--- Stored entries ---
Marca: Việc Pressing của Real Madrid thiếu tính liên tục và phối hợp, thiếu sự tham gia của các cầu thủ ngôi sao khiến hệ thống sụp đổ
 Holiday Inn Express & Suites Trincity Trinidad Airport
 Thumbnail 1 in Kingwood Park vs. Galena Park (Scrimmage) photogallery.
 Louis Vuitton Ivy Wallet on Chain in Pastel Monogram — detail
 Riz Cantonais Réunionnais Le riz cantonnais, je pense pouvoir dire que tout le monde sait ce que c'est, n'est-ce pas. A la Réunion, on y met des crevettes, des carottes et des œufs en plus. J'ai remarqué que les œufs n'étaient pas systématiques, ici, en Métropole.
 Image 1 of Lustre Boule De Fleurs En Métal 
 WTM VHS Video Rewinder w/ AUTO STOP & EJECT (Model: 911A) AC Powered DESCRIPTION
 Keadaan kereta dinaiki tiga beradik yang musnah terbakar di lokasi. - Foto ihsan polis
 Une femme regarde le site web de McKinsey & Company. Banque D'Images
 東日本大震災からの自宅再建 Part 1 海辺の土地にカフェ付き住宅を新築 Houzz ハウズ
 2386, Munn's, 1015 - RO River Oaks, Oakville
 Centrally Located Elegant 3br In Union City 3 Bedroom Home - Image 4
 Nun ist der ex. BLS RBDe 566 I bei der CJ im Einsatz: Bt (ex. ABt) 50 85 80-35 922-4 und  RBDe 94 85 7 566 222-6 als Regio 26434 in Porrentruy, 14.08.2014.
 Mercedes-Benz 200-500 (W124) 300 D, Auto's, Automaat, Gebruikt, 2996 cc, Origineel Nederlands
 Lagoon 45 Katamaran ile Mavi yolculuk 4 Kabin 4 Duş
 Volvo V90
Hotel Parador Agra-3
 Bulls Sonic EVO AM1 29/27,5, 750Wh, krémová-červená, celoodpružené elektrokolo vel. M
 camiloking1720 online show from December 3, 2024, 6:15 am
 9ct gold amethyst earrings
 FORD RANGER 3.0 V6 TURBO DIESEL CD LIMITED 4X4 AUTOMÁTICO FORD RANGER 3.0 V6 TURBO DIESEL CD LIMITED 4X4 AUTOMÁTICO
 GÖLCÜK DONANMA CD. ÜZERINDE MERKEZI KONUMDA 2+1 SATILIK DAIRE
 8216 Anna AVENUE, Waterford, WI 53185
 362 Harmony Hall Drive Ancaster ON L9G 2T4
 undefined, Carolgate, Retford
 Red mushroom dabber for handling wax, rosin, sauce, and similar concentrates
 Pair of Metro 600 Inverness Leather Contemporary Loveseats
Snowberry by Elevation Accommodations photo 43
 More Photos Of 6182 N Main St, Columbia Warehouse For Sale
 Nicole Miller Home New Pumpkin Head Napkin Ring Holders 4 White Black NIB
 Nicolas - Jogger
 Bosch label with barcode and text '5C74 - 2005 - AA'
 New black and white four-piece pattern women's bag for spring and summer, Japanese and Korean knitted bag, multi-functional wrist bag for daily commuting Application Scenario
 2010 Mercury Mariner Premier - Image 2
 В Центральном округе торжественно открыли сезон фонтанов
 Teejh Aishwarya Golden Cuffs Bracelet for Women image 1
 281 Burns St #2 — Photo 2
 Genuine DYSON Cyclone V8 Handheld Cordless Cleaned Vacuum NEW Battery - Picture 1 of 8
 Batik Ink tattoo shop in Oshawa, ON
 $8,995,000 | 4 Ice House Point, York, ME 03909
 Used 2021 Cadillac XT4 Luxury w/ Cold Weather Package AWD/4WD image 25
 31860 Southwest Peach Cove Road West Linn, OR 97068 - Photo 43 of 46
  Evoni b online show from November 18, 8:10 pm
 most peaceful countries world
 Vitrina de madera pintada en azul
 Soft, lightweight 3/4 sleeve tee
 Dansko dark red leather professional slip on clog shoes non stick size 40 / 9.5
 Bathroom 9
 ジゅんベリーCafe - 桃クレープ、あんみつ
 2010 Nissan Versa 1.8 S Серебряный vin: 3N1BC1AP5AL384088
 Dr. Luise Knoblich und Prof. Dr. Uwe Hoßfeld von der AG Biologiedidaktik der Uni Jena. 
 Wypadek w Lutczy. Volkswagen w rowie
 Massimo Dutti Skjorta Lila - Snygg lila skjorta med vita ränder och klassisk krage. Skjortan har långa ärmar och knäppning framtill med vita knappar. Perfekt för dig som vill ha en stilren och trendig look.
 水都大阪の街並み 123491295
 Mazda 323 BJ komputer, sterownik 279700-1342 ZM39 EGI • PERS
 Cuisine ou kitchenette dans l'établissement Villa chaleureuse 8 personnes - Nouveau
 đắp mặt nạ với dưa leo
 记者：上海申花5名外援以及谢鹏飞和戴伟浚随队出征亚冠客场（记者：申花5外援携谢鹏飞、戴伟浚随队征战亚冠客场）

--- THE PROBLEM ---
Above are the records; from them, give again exactly the lines from the one containing "Une femme regarde" to the one containing "Genuine DYSON Cyclone", both lines included, and nothing more.

--- RESPONSE ---
 Une femme regarde le site web de McKinsey & Company. Banque D'Images
 東日本大震災からの自宅再建 Part 1 海辺の土地にカフェ付き住宅を新築 Houzz ハウズ
 2386, Munn's, 1015 - RO River Oaks, Oakville
 Centrally Located Elegant 3br In Union City 3 Bedroom Home - Image 4
 Nun ist der ex. BLS RBDe 566 I bei der CJ im Einsatz: Bt (ex. ABt) 50 85 80-35 922-4 und  RBDe 94 85 7 566 222-6 als Regio 26434 in Porrentruy, 14.08.2014.
 Mercedes-Benz 200-500 (W124) 300 D, Auto's, Automaat, Gebruikt, 2996 cc, Origineel Nederlands
 Lagoon 45 Katamaran ile Mavi yolculuk 4 Kabin 4 Duş
 Volvo V90
Hotel Parador Agra-3
 Bulls Sonic EVO AM1 29/27,5, 750Wh, krémová-červená, celoodpružené elektrokolo vel. M
 camiloking1720 online show from December 3, 2024, 6:15 am
 9ct gold amethyst earrings
 FORD RANGER 3.0 V6 TURBO DIESEL CD LIMITED 4X4 AUTOMÁTICO FORD RANGER 3.0 V6 TURBO DIESEL CD LIMITED 4X4 AUTOMÁTICO
 GÖLCÜK DONANMA CD. ÜZERINDE MERKEZI KONUMDA 2+1 SATILIK DAIRE
 8216 Anna AVENUE, Waterford, WI 53185
 362 Harmony Hall Drive Ancaster ON L9G 2T4
 undefined, Carolgate, Retford
 Red mushroom dabber for handling wax, rosin, sauce, and similar concentrates
 Pair of Metro 600 Inverness Leather Contemporary Loveseats
Snowberry by Elevation Accommodations photo 43
 More Photos Of 6182 N Main St, Columbia Warehouse For Sale
 Nicole Miller Home New Pumpkin Head Napkin Ring Holders 4 White Black NIB
 Nicolas - Jogger
 Bosch label with barcode and text '5C74 - 2005 - AA'
 New black and white four-piece pattern women's bag for spring and summer, Japanese and Korean knitted bag, multi-functional wrist bag for daily commuting Application Scenario
 2010 Mercury Mariner Premier - Image 2
 В Центральном округе торжественно открыли сезон фонтанов
 Teejh Aishwarya Golden Cuffs Bracelet for Women image 1
 281 Burns St #2 — Photo 2
 Genuine DYSON Cyclone V8 Handheld Cordless Cleaned Vacuum NEW Battery - Picture 1 of 8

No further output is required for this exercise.